● Data records:
+===+

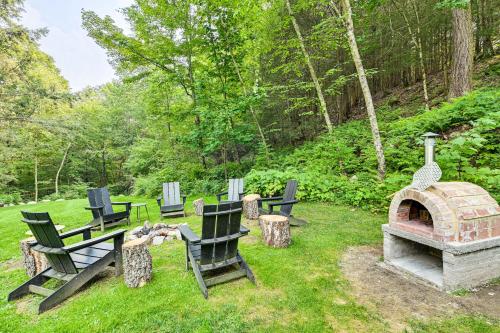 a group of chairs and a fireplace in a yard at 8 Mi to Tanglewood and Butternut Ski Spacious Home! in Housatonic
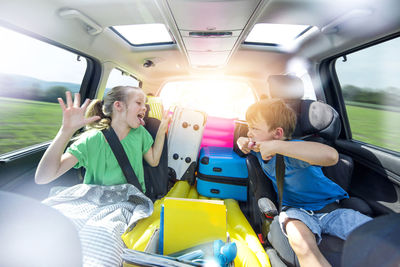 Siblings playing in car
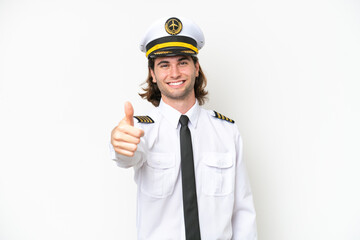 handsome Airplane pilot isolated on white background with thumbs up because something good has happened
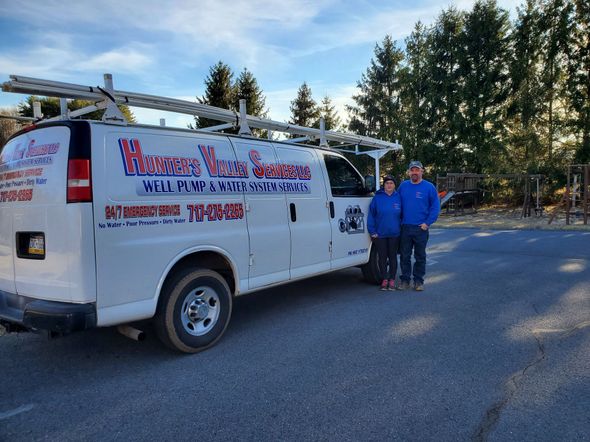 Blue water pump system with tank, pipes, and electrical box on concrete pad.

+===+

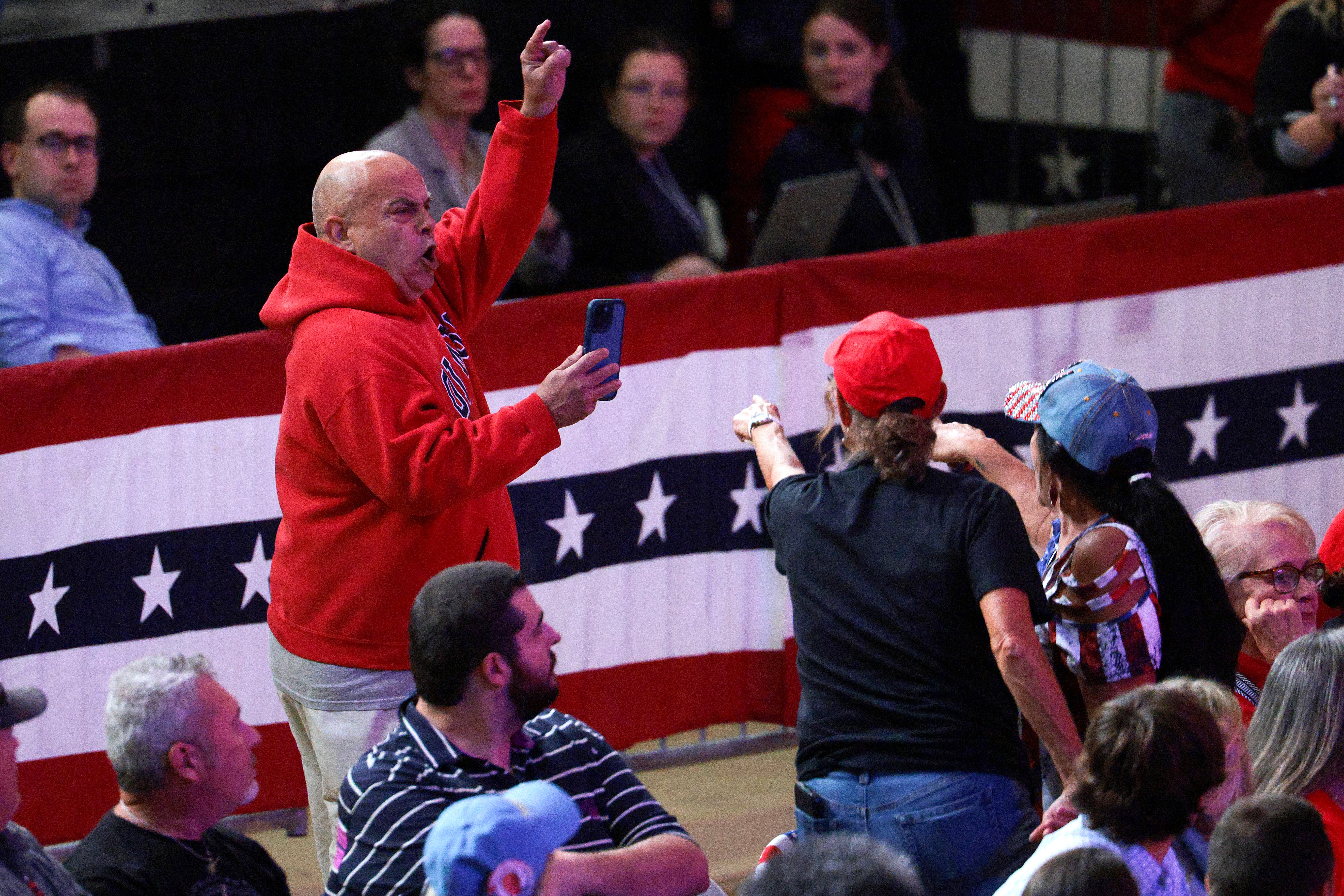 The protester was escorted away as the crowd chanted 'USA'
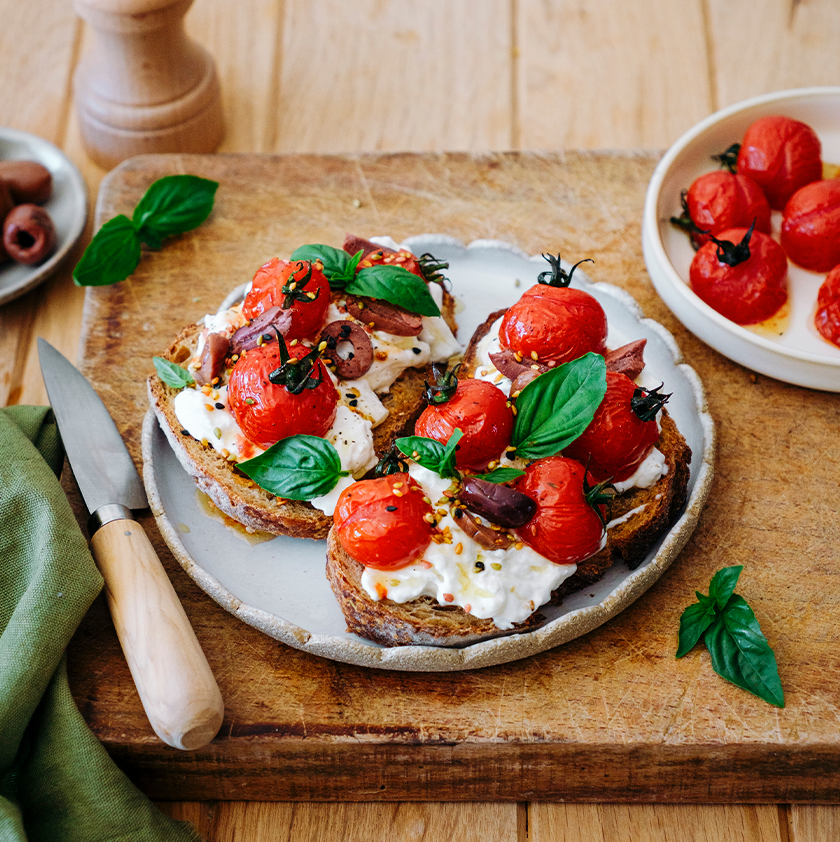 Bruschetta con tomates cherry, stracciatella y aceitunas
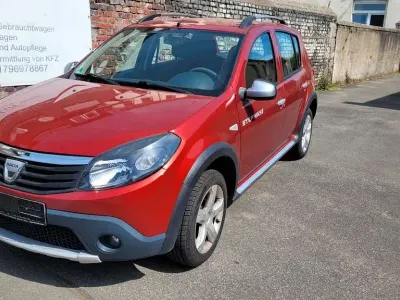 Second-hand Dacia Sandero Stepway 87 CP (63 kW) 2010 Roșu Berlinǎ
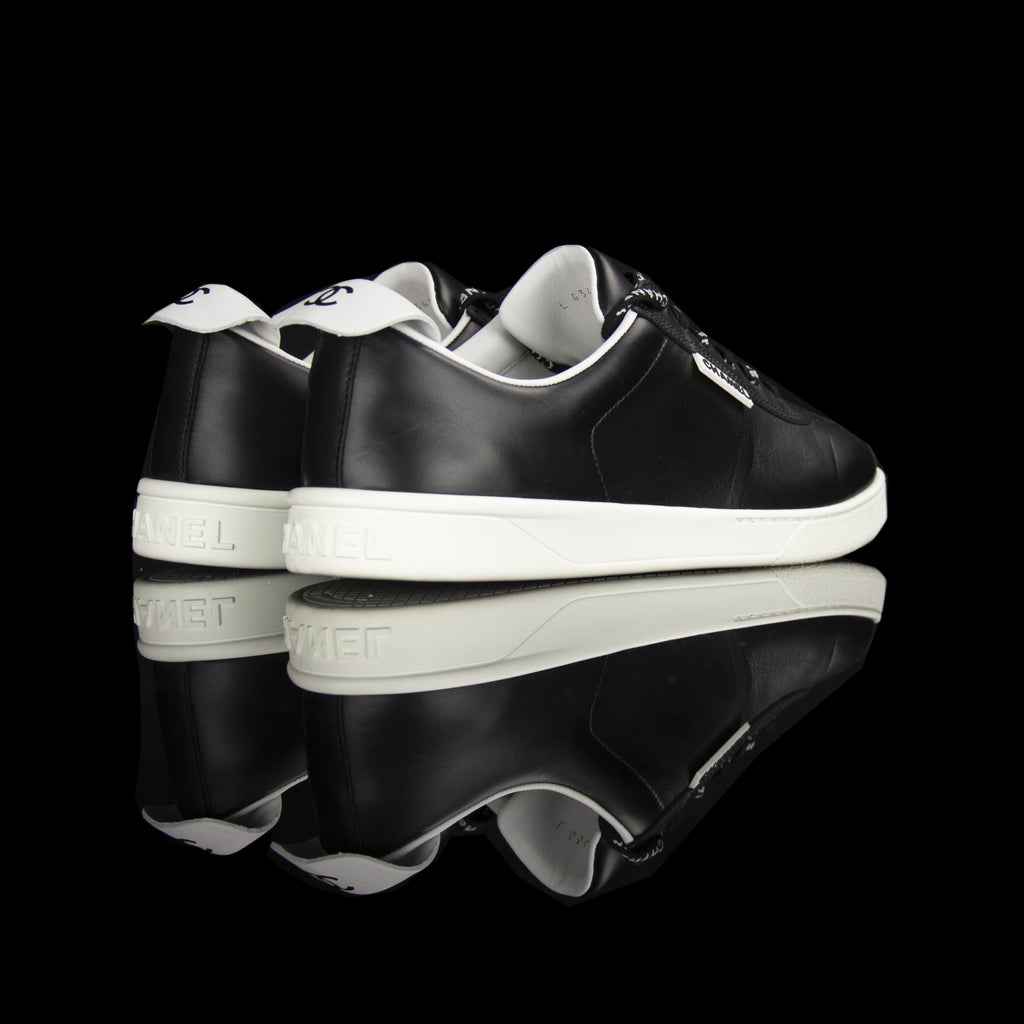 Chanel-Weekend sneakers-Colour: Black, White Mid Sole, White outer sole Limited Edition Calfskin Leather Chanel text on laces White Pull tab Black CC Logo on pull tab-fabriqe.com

+===+

● Task instructions:
Find the line with "a group of chairs" in the data above, and from there retype each line exactly through the line with "Blue water pump", skipping the pictures along the way.

● Response area:
 a group of chairs and a fireplace in a yard at 8 Mi to Tanglewood and Butternut Ski Spacious Home! in Housatonic
 Siblings playing in car
 handsome Airplane pilot isolated on white background with thumbs up because something good has happened
 Blue water pump system with tank, pipes, and electrical box on concrete pad.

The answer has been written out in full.